One of the first lines of dialogue in this movie is, “'Hunk.' Call me 'Hunk' for now.” I texted Faraday Rage, “I'm not going to make it. I'm already dead. Already dead and this is Hell.”
The movie very quickly surprised me, though. The initial framing device is Hunk Golden (typing that makes me want to die) going to psychologist Dr. Susan “Sunny” Graves to tell her that he used to be Bradley Brinkman. He has until midnight on Labor Day to reverse the change or Bradley and Hunk will both be doomed. The doctor doesn't believe him, so he tells her his story.
Flashback to Bradley's story, a computer programmer who needs the next big idea or he's going to be fired. After typing, “I'd sell my soul for a moneymaking program,” a demon possesses it a la Evilspeak and produces “The Yuppie Program,” an instructional guide on how to be a yuppie. It sells 50,000 copies in its first week and is a huge success.
Based on that success, Bradley's boss gives him the summer off to rent a beach house and observe the yuppies in their natural habitat while working on the next great program. He meets Chachka, the local “eccentric personality,” and she introduces him around to the cartoonishly mean-spirited yuppie stereotypes.
And this is what the movie gets right. These characters are all cartoons—not big, over-the-top, screaming annoyances, just campy send-ups of these stereotypes. I knew, as soon as Chachka took Bradley to the beach to meet them that they'd be exactly these characters and the film almost feels like it's poking fun at me for assuming that, like the joke is imagining characters like this at all.
There is a nice goofy tone that the movie generally maintains. Everything is done with a winking sense of camp so it stays silly but never devolves into stupid. It even manages to land a few good jokes, like when Bradley is offered the deal to sell his soul.

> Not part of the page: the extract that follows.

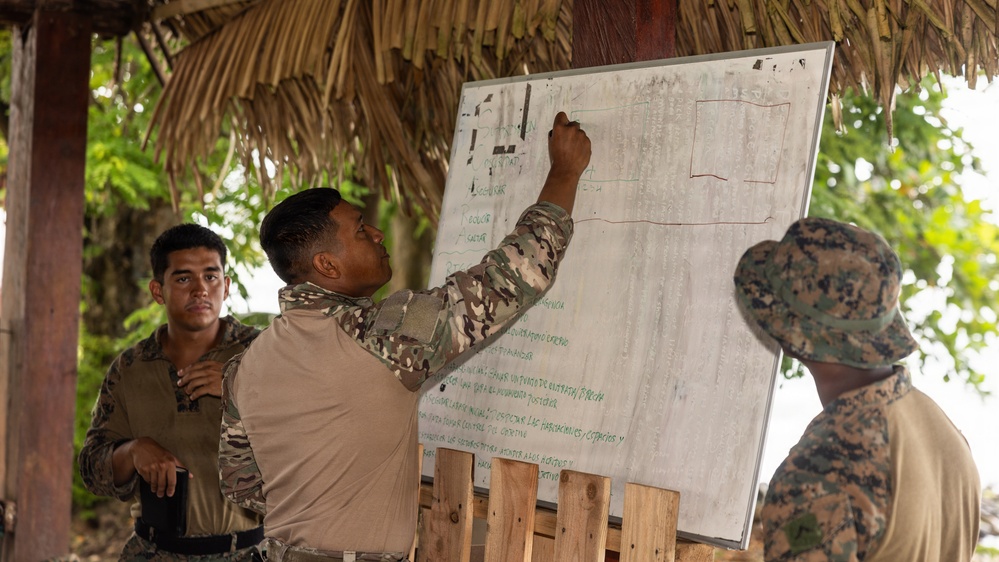 Three military personnel are gathered under a thatched-roof open-air structure for what appears to be a briefing or planning session. One soldier in camouflage uniform is writing or pointing at a whiteboard that contains text in Spanish and a drawn diagram. The setting suggests a field environment, possibly in a tropical or Latin American location.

Bradley is trying to fit in, can't, and the demon O'Brien shows up—a beautiful woman that Bradley is nuts over. She offers him the chance to become Hunk on a “sell your soul for the summer trial offer.” Hell, it turns out, is a giant 80's corporation, The Devil Himself, Inc. run by Dr. D. It's a cheap gag, but works because the movie gets the tone right as it does for almost everything.
Bradley wakes up as Hunk, enjoys the fruits of being a beefcake, and then meets Dr. D, played by James Coco who decided this needed to be a campy devil, and he was right. Dr. D explains to Hunk that, rather than spending eternity in torment, he'll be the devil's right-hand man working with him to spread evil throughout time. Now aware of his fate, Hunk panics and seeks out Dr. Sunny, catching us up to the start of the movie and getting us to the worst element.
What I've described is just the first fifty minutes of the film and there's no reason for Hunk to visit the psychologist. The deal is if, at midnight on Labor Day, he wants to go back to his old life, he can. Otherwise, he's Hunk forever, including in Hell working for Satan. There's nothing to explain why he goes to the shrink to sort this out or why she needs to be in the picture at all. There's a twist that makes it essential to the plot, but it feels like that twist was thought up before its place in the movie was.
The second half falls apart plot-wise. Chachka isn't there anymore even though she's a nice presence up to that point. She's a character, but not “quirky” in the way insufferable comic relief characters are. On the other hand, we get a lot of campy Satan in her place which is a definite plus. It feels like the first half of the movie is all the clever gags the writer/director was able to come up with and the second half was an attempt to make it all tie together. The majority of the pleasure, then, lies in the first half.
Also, despite being about Hunk banging lots of ladies, there's no nudity—lots of beefcake, though. If this movie's in the closet, the door is wide open. The camera focuses on men's bodies and, despite Hunk hooking up with countless women, it's the men that are being objectified. And it doesn't even invoke a “gay panic” response of metaphorically shouting “no homo!” There's a scene where a waitress brings Hunk three bottles of champagne, two sent by women, the third sent by a man, and Hunk's reaction is just embarrassment at all the attention. The movie acknowledges that it's kind of gay and doesn't have any of the homophobia you'd expect from 1987.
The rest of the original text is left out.